*** Begin section ***

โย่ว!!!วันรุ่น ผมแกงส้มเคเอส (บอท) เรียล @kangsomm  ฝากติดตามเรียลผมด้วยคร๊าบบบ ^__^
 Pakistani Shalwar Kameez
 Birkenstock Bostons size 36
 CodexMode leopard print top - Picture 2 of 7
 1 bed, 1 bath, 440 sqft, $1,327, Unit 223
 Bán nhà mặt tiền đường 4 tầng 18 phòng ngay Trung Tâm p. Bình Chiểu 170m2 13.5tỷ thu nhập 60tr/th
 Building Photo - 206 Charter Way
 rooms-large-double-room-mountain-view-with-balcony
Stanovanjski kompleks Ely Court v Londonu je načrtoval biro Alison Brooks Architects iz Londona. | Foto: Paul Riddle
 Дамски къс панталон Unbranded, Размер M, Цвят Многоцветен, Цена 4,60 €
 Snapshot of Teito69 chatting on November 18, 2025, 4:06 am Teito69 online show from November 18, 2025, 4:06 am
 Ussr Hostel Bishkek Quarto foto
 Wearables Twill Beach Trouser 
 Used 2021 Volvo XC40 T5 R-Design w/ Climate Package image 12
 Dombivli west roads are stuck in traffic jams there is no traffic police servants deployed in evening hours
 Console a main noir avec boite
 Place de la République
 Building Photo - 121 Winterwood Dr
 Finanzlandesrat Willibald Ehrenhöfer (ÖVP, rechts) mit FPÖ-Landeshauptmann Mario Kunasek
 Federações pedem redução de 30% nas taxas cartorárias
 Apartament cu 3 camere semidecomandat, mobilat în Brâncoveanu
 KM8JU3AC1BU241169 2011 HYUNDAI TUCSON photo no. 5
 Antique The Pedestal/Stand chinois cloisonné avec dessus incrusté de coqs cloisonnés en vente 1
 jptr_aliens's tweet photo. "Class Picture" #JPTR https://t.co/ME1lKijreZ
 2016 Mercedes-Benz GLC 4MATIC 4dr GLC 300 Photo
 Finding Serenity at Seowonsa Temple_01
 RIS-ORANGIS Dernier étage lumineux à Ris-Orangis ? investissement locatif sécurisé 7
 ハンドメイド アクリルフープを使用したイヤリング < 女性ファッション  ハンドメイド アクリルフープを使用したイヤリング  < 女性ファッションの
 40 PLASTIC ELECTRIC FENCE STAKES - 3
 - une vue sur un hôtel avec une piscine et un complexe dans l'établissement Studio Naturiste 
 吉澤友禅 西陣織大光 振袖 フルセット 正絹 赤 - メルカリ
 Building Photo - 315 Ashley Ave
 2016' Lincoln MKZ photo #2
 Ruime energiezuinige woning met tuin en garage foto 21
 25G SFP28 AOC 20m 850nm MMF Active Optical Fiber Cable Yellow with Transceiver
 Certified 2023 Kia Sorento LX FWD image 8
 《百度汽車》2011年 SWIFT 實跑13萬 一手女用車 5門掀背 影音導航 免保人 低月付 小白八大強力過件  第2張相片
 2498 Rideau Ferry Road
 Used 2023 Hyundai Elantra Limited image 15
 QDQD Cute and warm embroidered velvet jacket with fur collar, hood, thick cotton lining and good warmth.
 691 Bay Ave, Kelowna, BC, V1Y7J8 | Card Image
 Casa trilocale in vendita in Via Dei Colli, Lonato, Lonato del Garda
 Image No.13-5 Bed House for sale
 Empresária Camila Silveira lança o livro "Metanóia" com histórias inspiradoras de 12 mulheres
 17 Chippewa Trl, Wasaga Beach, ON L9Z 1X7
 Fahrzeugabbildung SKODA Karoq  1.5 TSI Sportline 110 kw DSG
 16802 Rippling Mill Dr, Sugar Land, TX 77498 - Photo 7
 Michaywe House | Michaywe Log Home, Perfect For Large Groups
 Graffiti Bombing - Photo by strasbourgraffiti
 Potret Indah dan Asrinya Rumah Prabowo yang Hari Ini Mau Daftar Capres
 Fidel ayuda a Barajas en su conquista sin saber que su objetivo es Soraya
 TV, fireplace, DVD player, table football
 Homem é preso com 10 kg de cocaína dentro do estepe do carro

*** End section ***

### WORK TASK
The answer should reproduce each entry above in full.

### EXPECTED ANSWER
โย่ว!!!วันรุ่น ผมแกงส้มเคเอส (บอท) เรียล @kangsomm  ฝากติดตามเรียลผมด้วยคร๊าบบบ ^__^
 Pakistani Shalwar Kameez
 Birkenstock Bostons size 36
 CodexMode leopard print top - Picture 2 of 7
 1 bed, 1 bath, 440 sqft, $1,327, Unit 223
 Bán nhà mặt tiền đường 4 tầng 18 phòng ngay Trung Tâm p. Bình Chiểu 170m2 13.5tỷ thu nhập 60tr/th
 Building Photo - 206 Charter Way
 rooms-large-double-room-mountain-view-with-balcony
Stanovanjski kompleks Ely Court v Londonu je načrtoval biro Alison Brooks Architects iz Londona. | Foto: Paul Riddle
 Дамски къс панталон Unbranded, Размер M, Цвят Многоцветен, Цена 4,60 €
 Snapshot of Teito69 chatting on November 18, 2025, 4:06 am Teito69 online show from November 18, 2025, 4:06 am
 Ussr Hostel Bishkek Quarto foto
 Wearables Twill Beach Trouser 
 Used 2021 Volvo XC40 T5 R-Design w/ Climate Package image 12
 Dombivli west roads are stuck in traffic jams there is no traffic police servants deployed in evening hours
 Console a main noir avec boite
 Place de la République
 Building Photo - 121 Winterwood Dr
 Finanzlandesrat Willibald Ehrenhöfer (ÖVP, rechts) mit FPÖ-Landeshauptmann Mario Kunasek
 Federações pedem redução de 30% nas taxas cartorárias
 Apartament cu 3 camere semidecomandat, mobilat în Brâncoveanu
 KM8JU3AC1BU241169 2011 HYUNDAI TUCSON photo no. 5
 Antique The Pedestal/Stand chinois cloisonné avec dessus incrusté de coqs cloisonnés en vente 1
 jptr_aliens's tweet photo. "Class Picture" #JPTR https://t.co/ME1lKijreZ
 2016 Mercedes-Benz GLC 4MATIC 4dr GLC 300 Photo
 Finding Serenity at Seowonsa Temple_01
 RIS-ORANGIS Dernier étage lumineux à Ris-Orangis ? investissement locatif sécurisé 7
 ハンドメイド アクリルフープを使用したイヤリング < 女性ファッション  ハンドメイド アクリルフープを使用したイヤリング  < 女性ファッションの
 40 PLASTIC ELECTRIC FENCE STAKES - 3
 - une vue sur un hôtel avec une piscine et un complexe dans l'établissement Studio Naturiste 
 吉澤友禅 西陣織大光 振袖 フルセット 正絹 赤 - メルカリ
 Building Photo - 315 Ashley Ave
 2016' Lincoln MKZ photo #2
 Ruime energiezuinige woning met tuin en garage foto 21
 25G SFP28 AOC 20m 850nm MMF Active Optical Fiber Cable Yellow with Transceiver
 Certified 2023 Kia Sorento LX FWD image 8
 《百度汽車》2011年 SWIFT 實跑13萬 一手女用車 5門掀背 影音導航 免保人 低月付 小白八大強力過件  第2張相片
 2498 Rideau Ferry Road
 Used 2023 Hyundai Elantra Limited image 15
 QDQD Cute and warm embroidered velvet jacket with fur collar, hood, thick cotton lining and good warmth.
 691 Bay Ave, Kelowna, BC, V1Y7J8 | Card Image
 Casa trilocale in vendita in Via Dei Colli, Lonato, Lonato del Garda
 Image No.13-5 Bed House for sale
 Empresária Camila Silveira lança o livro "Metanóia" com histórias inspiradoras de 12 mulheres
 17 Chippewa Trl, Wasaga Beach, ON L9Z 1X7
 Fahrzeugabbildung SKODA Karoq  1.5 TSI Sportline 110 kw DSG
 16802 Rippling Mill Dr, Sugar Land, TX 77498 - Photo 7
 Michaywe House | Michaywe Log Home, Perfect For Large Groups
 Graffiti Bombing - Photo by strasbourgraffiti
 Potret Indah dan Asrinya Rumah Prabowo yang Hari Ini Mau Daftar Capres
 Fidel ayuda a Barajas en su conquista sin saber que su objetivo es Soraya
 TV, fireplace, DVD player, table football
 Homem é preso com 10 kg de cocaína dentro do estepe do carro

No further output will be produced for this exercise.